To avoid such outliers, one way is that we can remove directly the outliers. Or we could we some CDF(Cumulative Distribution Function) to automatically remove outliers. The alternative way is plotting which you will see some historgram that show bowl-curve like.
One final alternative way is to try to use the Gaussian Distribution, or called Normal Distribution. This function takes 3 things, the data itself, the mean, and the standard deviation of these numbers. Most of the data will split its distribution nicely if we just have these three things.This comes in condition that the distribution of the data follows Normal Distribution.
std_unit = (data-mean)/std_deviation
We can take standard units that take mean and standard deviation as an input, and we can predict the probability of certain number in the dataset.The resulted probability often match the exact result of the data.The best plot to visualize the normal distribution is quantile-quantile plot, or qqplot in R. This would take us to see each percentage deviation of the data. What are the data that are less than 1,2,3 percent deviation from the data. Below are the scipy function which states how many data that are less than 2 standard deviation from the mean.

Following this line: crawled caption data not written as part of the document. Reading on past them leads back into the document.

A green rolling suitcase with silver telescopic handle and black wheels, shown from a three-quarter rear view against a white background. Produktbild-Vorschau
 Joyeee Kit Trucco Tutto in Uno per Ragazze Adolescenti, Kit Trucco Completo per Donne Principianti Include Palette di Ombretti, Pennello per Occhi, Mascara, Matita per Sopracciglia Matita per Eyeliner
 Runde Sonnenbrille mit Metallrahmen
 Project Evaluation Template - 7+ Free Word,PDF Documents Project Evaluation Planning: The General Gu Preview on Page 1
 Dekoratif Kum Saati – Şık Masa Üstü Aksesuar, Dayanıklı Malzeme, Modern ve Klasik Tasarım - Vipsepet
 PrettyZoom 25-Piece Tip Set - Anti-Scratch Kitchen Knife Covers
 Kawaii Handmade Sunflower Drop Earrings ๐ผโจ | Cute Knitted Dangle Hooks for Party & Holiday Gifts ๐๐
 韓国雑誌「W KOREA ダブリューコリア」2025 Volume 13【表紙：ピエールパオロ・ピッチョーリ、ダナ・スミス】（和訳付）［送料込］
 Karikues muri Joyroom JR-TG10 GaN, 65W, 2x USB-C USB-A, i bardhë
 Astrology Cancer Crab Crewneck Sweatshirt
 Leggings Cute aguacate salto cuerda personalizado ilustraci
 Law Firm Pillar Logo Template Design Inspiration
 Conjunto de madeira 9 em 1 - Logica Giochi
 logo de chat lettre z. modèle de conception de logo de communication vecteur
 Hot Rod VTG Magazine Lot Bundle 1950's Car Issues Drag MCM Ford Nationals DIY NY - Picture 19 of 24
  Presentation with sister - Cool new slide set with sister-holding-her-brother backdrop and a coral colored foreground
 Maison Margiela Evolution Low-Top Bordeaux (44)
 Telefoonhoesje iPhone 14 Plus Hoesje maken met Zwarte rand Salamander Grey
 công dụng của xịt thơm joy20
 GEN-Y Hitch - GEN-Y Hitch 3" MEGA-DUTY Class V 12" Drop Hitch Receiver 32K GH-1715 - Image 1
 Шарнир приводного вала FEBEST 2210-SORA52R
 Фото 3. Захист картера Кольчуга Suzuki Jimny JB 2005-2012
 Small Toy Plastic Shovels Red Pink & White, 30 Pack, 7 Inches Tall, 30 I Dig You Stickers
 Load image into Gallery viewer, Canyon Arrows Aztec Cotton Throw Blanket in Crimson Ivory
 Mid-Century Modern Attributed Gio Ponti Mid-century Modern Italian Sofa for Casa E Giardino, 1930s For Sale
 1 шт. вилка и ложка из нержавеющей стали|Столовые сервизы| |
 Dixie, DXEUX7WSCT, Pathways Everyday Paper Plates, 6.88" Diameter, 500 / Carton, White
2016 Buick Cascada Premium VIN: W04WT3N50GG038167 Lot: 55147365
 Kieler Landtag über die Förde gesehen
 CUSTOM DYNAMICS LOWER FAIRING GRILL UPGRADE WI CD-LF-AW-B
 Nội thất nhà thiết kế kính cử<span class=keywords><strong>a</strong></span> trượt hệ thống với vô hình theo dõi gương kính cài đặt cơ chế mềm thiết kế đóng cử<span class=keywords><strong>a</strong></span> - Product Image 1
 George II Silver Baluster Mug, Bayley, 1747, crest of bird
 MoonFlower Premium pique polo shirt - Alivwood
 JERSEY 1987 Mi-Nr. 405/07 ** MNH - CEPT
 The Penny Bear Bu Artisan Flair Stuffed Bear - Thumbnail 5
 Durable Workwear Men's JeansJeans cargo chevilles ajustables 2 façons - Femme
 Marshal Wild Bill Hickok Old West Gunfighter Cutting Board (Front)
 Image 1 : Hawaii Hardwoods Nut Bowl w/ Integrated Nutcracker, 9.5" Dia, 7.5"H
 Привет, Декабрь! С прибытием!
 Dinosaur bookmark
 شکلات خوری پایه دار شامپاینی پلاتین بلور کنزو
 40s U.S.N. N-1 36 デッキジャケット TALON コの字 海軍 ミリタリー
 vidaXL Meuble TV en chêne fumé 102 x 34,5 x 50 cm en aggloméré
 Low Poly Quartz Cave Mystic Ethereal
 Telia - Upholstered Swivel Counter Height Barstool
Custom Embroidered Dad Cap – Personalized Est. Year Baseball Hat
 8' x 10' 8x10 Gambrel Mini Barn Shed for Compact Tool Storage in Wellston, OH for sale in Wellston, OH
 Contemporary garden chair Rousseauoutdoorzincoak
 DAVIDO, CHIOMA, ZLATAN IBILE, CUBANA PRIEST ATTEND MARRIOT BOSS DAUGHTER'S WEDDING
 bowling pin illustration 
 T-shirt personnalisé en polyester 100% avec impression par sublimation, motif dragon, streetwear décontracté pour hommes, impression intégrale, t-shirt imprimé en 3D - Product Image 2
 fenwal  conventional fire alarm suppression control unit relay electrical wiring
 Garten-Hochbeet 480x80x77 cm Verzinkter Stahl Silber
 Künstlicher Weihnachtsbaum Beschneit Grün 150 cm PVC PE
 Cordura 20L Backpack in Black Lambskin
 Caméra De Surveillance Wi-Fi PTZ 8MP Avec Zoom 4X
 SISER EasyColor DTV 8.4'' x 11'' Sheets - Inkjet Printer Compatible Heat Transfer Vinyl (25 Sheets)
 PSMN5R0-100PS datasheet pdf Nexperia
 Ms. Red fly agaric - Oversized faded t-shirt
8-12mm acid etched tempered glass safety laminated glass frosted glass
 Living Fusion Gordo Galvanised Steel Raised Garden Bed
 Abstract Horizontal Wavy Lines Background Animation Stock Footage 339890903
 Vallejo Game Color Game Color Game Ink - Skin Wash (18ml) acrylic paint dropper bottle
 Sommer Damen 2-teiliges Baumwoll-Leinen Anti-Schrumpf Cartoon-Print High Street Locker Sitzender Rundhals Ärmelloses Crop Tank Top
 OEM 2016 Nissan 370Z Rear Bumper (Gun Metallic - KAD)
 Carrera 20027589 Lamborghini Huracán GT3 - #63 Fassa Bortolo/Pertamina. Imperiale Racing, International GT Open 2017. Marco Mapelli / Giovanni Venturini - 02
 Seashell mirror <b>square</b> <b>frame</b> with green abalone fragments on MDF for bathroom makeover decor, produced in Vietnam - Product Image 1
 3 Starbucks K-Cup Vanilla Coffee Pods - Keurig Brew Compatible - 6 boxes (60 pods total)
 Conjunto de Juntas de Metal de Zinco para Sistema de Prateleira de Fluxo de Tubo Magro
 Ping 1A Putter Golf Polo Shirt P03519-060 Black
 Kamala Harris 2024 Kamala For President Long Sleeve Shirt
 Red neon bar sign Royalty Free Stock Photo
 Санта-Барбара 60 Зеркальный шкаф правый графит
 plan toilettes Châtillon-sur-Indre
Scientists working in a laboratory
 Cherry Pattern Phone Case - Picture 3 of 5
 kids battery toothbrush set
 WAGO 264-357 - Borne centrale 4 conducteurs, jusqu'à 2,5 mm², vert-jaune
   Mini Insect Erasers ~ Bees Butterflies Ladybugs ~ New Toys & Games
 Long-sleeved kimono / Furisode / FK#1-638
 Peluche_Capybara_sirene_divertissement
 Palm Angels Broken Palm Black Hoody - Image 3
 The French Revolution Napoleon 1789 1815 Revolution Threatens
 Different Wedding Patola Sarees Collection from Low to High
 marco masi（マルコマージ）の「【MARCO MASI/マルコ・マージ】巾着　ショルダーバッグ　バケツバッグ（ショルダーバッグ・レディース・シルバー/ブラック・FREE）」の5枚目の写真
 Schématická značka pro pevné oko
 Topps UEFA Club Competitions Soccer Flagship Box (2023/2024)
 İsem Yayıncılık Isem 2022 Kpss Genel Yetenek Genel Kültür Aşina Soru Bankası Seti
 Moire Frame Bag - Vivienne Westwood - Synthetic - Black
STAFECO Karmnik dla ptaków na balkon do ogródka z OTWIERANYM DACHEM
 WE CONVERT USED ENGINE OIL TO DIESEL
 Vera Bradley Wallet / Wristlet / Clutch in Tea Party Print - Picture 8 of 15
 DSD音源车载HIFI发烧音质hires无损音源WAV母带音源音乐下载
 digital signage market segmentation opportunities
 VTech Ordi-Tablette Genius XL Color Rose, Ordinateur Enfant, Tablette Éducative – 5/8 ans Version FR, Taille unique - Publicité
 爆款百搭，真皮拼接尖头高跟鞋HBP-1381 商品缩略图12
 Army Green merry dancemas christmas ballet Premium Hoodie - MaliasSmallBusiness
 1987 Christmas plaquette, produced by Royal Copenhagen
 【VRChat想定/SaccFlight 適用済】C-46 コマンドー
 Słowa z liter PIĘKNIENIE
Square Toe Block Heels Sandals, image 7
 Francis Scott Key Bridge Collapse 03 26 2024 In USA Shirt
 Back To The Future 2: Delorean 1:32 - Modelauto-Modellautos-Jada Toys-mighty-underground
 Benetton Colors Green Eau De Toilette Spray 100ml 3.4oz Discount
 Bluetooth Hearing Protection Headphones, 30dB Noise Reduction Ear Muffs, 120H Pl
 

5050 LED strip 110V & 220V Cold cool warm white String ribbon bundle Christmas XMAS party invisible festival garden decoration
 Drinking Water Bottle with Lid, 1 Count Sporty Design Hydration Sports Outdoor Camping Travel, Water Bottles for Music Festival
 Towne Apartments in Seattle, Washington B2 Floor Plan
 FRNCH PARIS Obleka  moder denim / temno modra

import scipy.stats scipy.stats.norm.cdf(3)
For two variable, five numbers have to be defined to summarize the distribution. Imagine that we have normal distribution consist of two variables. You can see that all data regress towards the mean. You want to make a prediction on one variable based on another variable. So here's what we should do.
correlation = (Y-mean(Y))/std_dev(Y) / (X-mean(X))/std_dev(X)
This would give us the correlation of two variables. This correlation range from -1/1 to 0. approach one if approximately matched betweeen two variables, or zero otherwise. This correlation could be performed under one condition, if the 2D data projected to american football-like shape. Statistical overview alone can't described the data. You need to see how are the data distribution in visualization. Below are the famous Anscombe's quartet. You see that the top left graph perform football-shape, but not for the rest.
Always remember that this assume the data is normally distributed. You might see often that newspapers or published paper make this kind of mistake. And it's really misleading, and potentially dangerous if someone might read your article and doing research based on that.